Learn more about virtual tables.
Virtual media works similarly to media syncs, allowing media from an external system to be used in a media set but without copying the data into Foundry. Instead, media files contained in an external system can be registered as virtual media items in a specific media set.
Learn more about virtual media.
The interactive exploration capability allows you to see what data is contained in an external system before performing syncs, exports, or other capabilities that interact with that system.
Exploration is most commonly used to check that a connection is working as intended and that the correct permissions and credentials are being used to connect.
The ability to use connections from code is intended to allow developers to extend and customize connections from Foundry to other systems. Palantir's general principle is that anything possible in the platform using dedicated connectors and point-and-click configuration options should also be achievable by writing custom code. At any point, developers should be able to switch to code-based connectivity for more granular control over the functionality or performance of workflows that perform external connections.
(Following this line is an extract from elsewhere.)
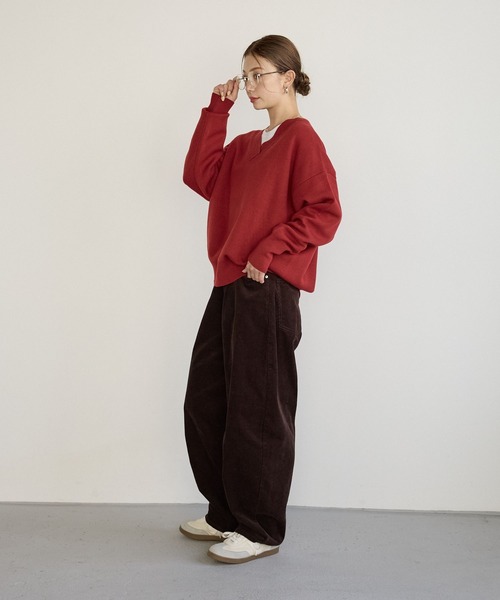 BAYFLOW（ベイフロー）の「[ヒップまでカバーする]オーバーサイズVネックニット（ニット/セーター・レディース・マスタード/ボルドー/オフホワイト/ブルー/ブラック/ブルーグリーン/ピンク/ライトブルー・FREE）」の21枚目の写真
Any connector may be used in code; in most cases, we recommend using either the REST API source or generic connector when connecting from code.
Use in code option | Description |
---|---|
External transforms | External transforms allow transforms written in Python to communicate with external systems. External transforms are a code-based alternative for file batch syncs, file exports, table batch syncs, table exports, and media syncs. External transforms may also be used to register data into virtual media sets and virtual tables. |
External functions (webhooks) | External functions written in TypeScript support importing a source in order to invoke existing webhooks defined on that source. This allows existing webhook calls to be wrapped in custom typescript logic and error handling. |
External functions (direct) | External functions now allow direct calls to external systems using fetch for TypeScript and requests for Python. External functions are a code-based alternative for webhooks.External functions with direct external calls are not yet generally available. |
Compute modules | Compute modules allow for long-running compute and writing connections in arbitrary languages. Compute modules may be used as a code-based alternative for streaming syncs, streaming exports, change data capture syncs, and webhooks. Using sources in compute modules is not yet generally available. |
External models | External models currently do not support importing sources. Instead, you must use network egress policies directly. |
Code workspaces | Code workspaces currently do not support importing sources. Instead, you must use network egress policies directly. |
Code workbooks | Code workbooks currently do not support external connections. |
Not all source configurations allow usage of the Use in code capability. Agent worker connections are not supported, and some credential types such as cloud identity, outbound application, and OIDC may not currently be used from code.
Data connection also includes a variety of other concepts relevant for specific workflows. Some concepts were previously used and are now sunset, but are retained here for reference.
Historically, the term Sync was used in a generic way to refer to bringing data into Foundry. Syncs are now separated into the more specific capabilities listed above. More details are available for each capability, such as batch syncs, streaming syncs, change data capture syncs, media syncs, and so on.
The plugin framework used to implement connectors allows custom extensions called tasks. Tasks represent a unit of functionality configured by providing YAML and implemented in Java as part of the Data Connection plugin. Palantir has stopped developing new tasks, and all officially supported capabilities have migrated away from using tasks.
Tasks are currently considered Sunset
according to the product life cycle. Tasks will eventually be fully deprecated, and we strongly recommend using code-based connectivity options anywhere tasks may have previously been required.